» AIM OF THE TASK
Exactly reproduce the line containing "مهتم بالصيد واهل" and all later lines to the end of the entries, leaving the pictures out of your copy.

[[ DATA FOR REVIEW open ]]

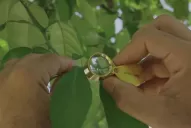 El sector citrícola tiene un aliado en la lucha contra el HLB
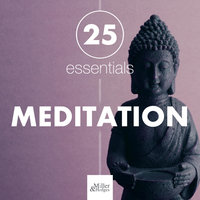 Zen Revolution - Relaxing Music Therapy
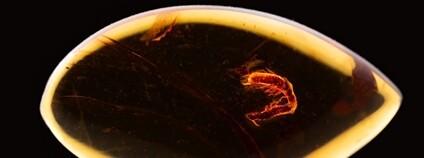 Pár termitů v jantaru. Foto: BC AV ČR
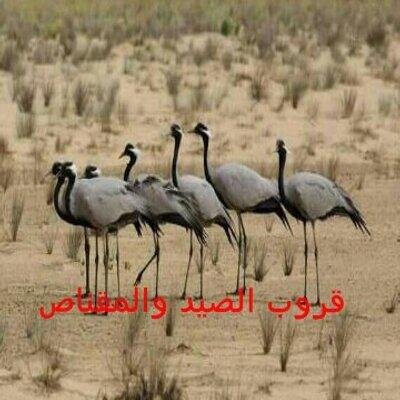 مهتم بالصيد واهل المقناص ومتابعة الاحوال الجويه والطقس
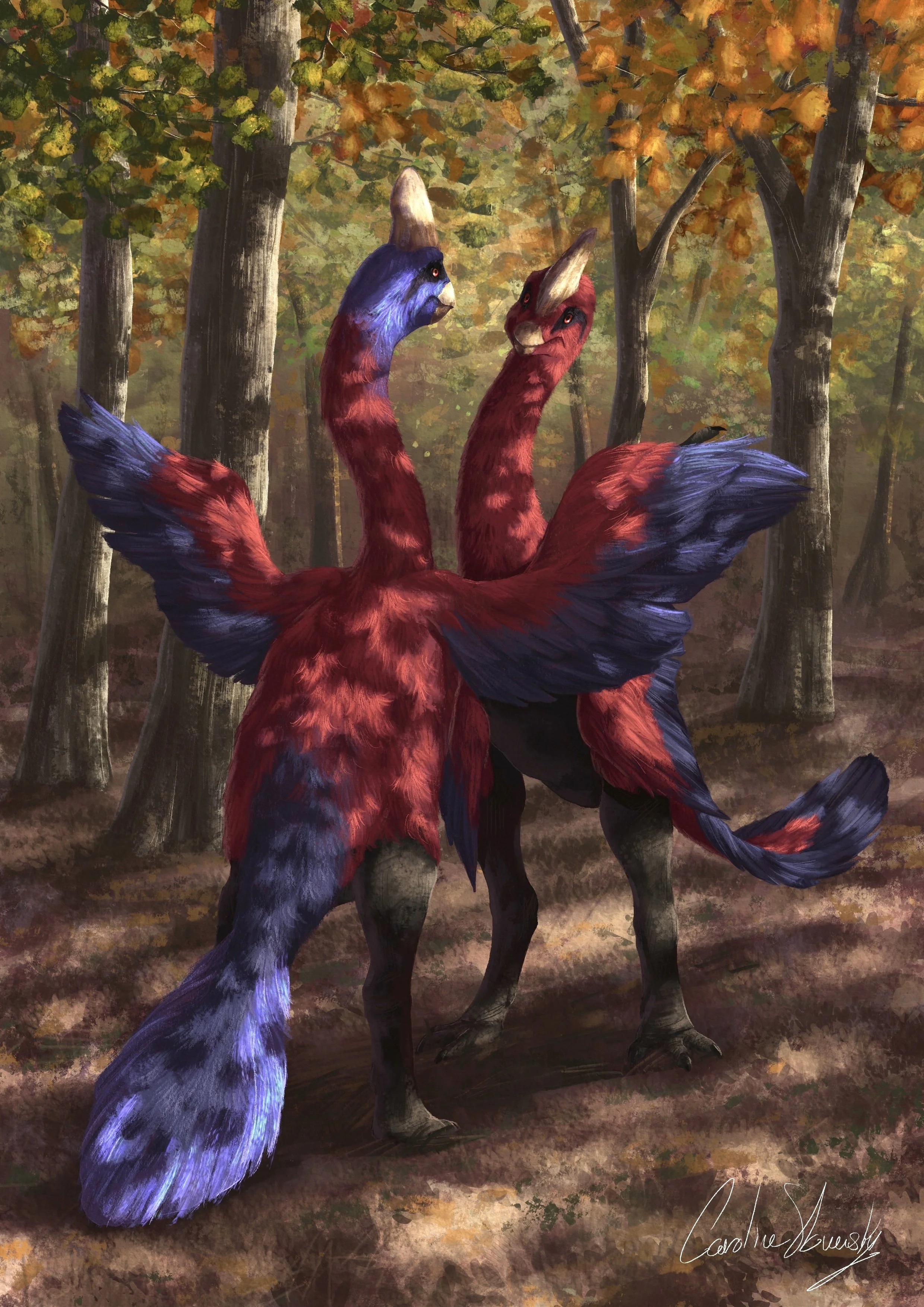 Coryithoraptor Courtship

[[ DATA FOR REVIEW closed ]]

» YOUR SOLUTION
 مهتم بالصيد واهل المقناص ومتابعة الاحوال الجويه والطقس
 Coryithoraptor Courtship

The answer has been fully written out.